New Zealand Music Hall of Fame 

Musician, singer-songwriter and producer Dave Dobbyn was inducted into the New Zealand Music Hall of Fame. He is a three-time recipient of the Silver Scroll award. He was inducted by musician Warren Maxwell, along with performances of three Dobbyn songs: "Language" by Tami Nielson, "It Dawned On Me" by Mark Vanilau and Scribe, and "Be Mine Tonight" by Shihad.

Other awards 

Four other awards were presented at the Silver Scroll Awards: APRA Maioha Award (for excellence in contemporary Maori music),  SOUNZ Contemporary Award (for creativity and inspiration in composition) and two awards acknowledging songs with the most radio and television play in New Zealand and overseas.

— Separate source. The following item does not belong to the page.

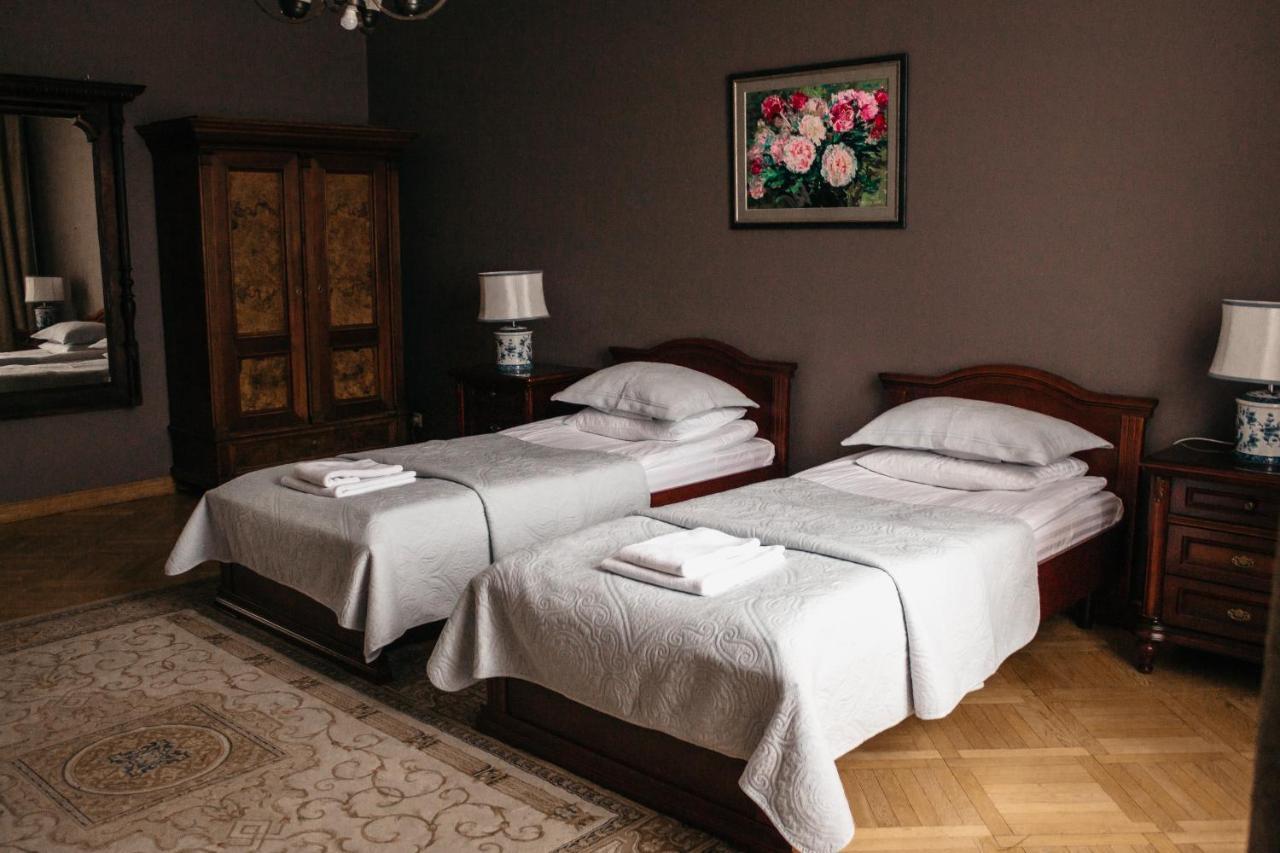 British Club Lviv Hotel Bagian luar foto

The APRA Maioha Award-winning song "Ruaimoko" was performed by Tama Waipara with the University of Auckland percussion ensemble, and the SOUNZ Contemporary Award-winning composition "Lightbox" was performed by the MPC Trio (Jeremy Toy, Lewis McCallum, and Johnnie Fleury).

APRA song awards 

Outside of the Silver Scroll Awards, APRA presented four genre awards in 2013. The APRA Best Pacific Song was presented at the Pacific Music Awards, the APRA Best Country Music Song was presented at the New Zealand Country Music Awards and the APRA Children's Song of the Year and What Now Video of the Year were presented at StarFest.

APRA Professional Development Awards 

Awarded biennially, the Professional Developments Awards is a cash prize given three artists to help build their musical career. Grants are awarded in three categories: pop/contemporary, film and television, and classical. In 2013, $12,000 and professional services were awarded to each recipient.